### Assigned task
An exact copy of all the records is the expected answer.

Extracted records
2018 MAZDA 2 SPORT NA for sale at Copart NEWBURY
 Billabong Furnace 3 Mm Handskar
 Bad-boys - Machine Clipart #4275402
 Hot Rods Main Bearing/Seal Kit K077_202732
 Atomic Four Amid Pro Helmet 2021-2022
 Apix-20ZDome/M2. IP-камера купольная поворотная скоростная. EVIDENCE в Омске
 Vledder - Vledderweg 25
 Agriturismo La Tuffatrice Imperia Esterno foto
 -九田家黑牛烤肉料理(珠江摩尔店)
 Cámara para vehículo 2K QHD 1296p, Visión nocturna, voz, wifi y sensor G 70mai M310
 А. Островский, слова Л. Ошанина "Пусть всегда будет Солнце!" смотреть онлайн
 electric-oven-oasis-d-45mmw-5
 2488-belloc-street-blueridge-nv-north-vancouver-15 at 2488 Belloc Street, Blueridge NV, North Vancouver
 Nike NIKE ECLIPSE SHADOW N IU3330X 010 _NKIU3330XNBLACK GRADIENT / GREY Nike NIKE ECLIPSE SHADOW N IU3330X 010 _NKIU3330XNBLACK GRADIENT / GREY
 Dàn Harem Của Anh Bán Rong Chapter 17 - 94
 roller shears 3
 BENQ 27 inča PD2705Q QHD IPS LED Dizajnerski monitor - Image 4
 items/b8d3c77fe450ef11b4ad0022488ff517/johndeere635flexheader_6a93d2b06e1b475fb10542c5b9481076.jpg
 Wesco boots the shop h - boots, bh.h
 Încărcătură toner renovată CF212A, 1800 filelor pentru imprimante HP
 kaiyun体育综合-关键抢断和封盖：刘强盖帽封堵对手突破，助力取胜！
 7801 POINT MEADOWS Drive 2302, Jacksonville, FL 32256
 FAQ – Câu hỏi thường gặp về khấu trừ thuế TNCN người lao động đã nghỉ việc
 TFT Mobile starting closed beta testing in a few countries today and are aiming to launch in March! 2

### Answer to this task
2018 MAZDA 2 SPORT NA for sale at Copart NEWBURY
 Billabong Furnace 3 Mm Handskar
 Bad-boys - Machine Clipart #4275402
 Hot Rods Main Bearing/Seal Kit K077_202732
 Atomic Four Amid Pro Helmet 2021-2022
 Apix-20ZDome/M2. IP-камера купольная поворотная скоростная. EVIDENCE в Омске
 Vledder - Vledderweg 25
 Agriturismo La Tuffatrice Imperia Esterno foto
 -九田家黑牛烤肉料理(珠江摩尔店)
 Cámara para vehículo 2K QHD 1296p, Visión nocturna, voz, wifi y sensor G 70mai M310
 А. Островский, слова Л. Ошанина "Пусть всегда будет Солнце!" смотреть онлайн
 electric-oven-oasis-d-45mmw-5
 2488-belloc-street-blueridge-nv-north-vancouver-15 at 2488 Belloc Street, Blueridge NV, North Vancouver
 Nike NIKE ECLIPSE SHADOW N IU3330X 010 _NKIU3330XNBLACK GRADIENT / GREY Nike NIKE ECLIPSE SHADOW N IU3330X 010 _NKIU3330XNBLACK GRADIENT / GREY
 Dàn Harem Của Anh Bán Rong Chapter 17 - 94
 roller shears 3
 BENQ 27 inča PD2705Q QHD IPS LED Dizajnerski monitor - Image 4
 items/b8d3c77fe450ef11b4ad0022488ff517/johndeere635flexheader_6a93d2b06e1b475fb10542c5b9481076.jpg
 Wesco boots the shop h - boots, bh.h
 Încărcătură toner renovată CF212A, 1800 filelor pentru imprimante HP
 kaiyun体育综合-关键抢断和封盖：刘强盖帽封堵对手突破，助力取胜！
 7801 POINT MEADOWS Drive 2302, Jacksonville, FL 32256
 FAQ – Câu hỏi thường gặp về khấu trừ thuế TNCN người lao động đã nghỉ việc
 TFT Mobile starting closed beta testing in a few countries today and are aiming to launch in March! 2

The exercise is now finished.